Let us discuss the views attributed to these luminaries. It has been reported in some earlier writings of the subject that Hazrat Abdullah ibn Abbas was initially of the view that the only Riba which was declared unlawful by the Prophet of Islam was the Riba al-Jahiliyyah as was practised by the Arabs before Islam. It has been attributed to Hazrat Abdullah ibn Abbas that he did not consider Riba al-Fadl to be the Riba prohibited by the Prophet (peace be upon’him). It is contended by the author and also endorsed by Mr. Khalid M. Ishaque that Abdullah ibn Abbas held a liberal view of Riba and relied on a Hadith reported by himself which, in his opinion, as understood by Dr. Nabil Saleh and Mr. Khalid M. Ishaque, superseded the Ahadith about Riba al-Fadl.

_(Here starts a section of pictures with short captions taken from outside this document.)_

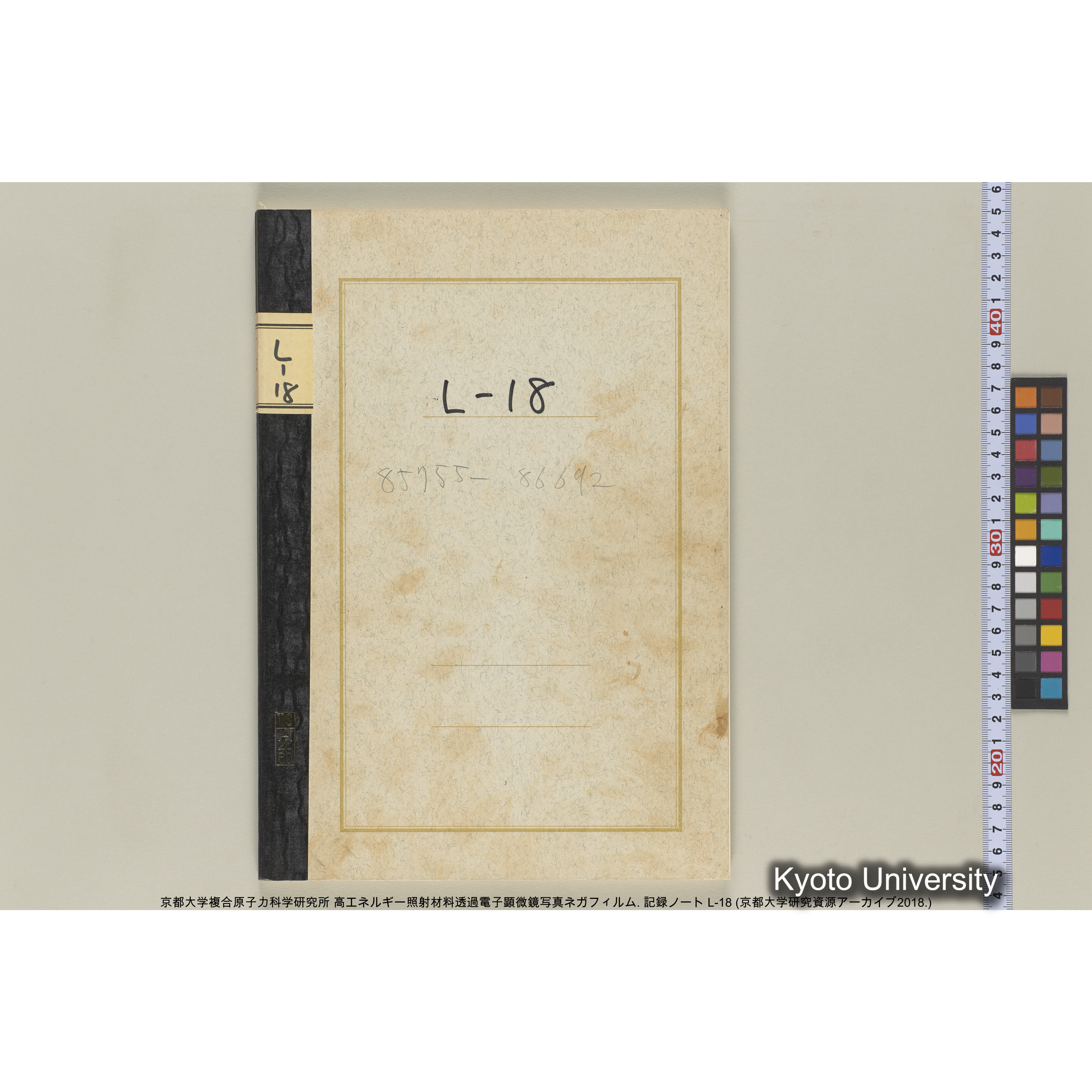 [記録ノート, Lシリーズ] L-18. 85755-86692. (1)
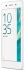 Sony Xperia E5 F3311 white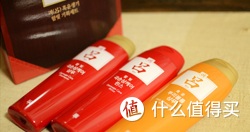 移动端：吕 洗发水三件套（洗发水 200ml*2瓶+护发素200ml）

These Ahadith being the last ruling of the Prophet (peace be upon him) on the subject of Riba say: “No Riba except in the Nasi’ah”. The author also records the interpretation given to this Hadith by the upholders of the majority view who see it as putting more emphasis on Ribd al-Nasi’ah and not .as superseding the earlier Ahadith. The author also acknowledges that there are reports that Abdullah ibn Abbas had later reviewed his earlier interpretation.

 

 

 



The question of the views of Abdullah ibn Abbas about Riba al-Fadl had been the subject of long discussions in the academic and juristic circles throughout Islamic history. Almost all the major writers on the subject have dealt with this question. There is almost a consensus that Abdullah ibn Abbas had retracted on his earlier views and had adopted the majority view that both kinds of Riba (Riba al-Nasi’ah and Riba al-Fadl) were prohibited in Islam. We shall refer to these findings of the renowned writers on the subject separately. However, even if it is conceded that Ibn Abbas continued to stick to his original interpretation and continued to exclude Riba al-Fadl from the Qur’anic prohibition of Riba, it will serve no purpose as far as the question of bank interest is concerned. The transactions of the banks can in no way be considered to be in the nature of barter sales and hence, subject to Riba al-Fadl. As we have already pointed out, Riba al Nasi ‘ah means increase on the principal amount in a deferred payment, as the word Nasi’ah (deferred payment or deferment) clearly and unequivocally shows.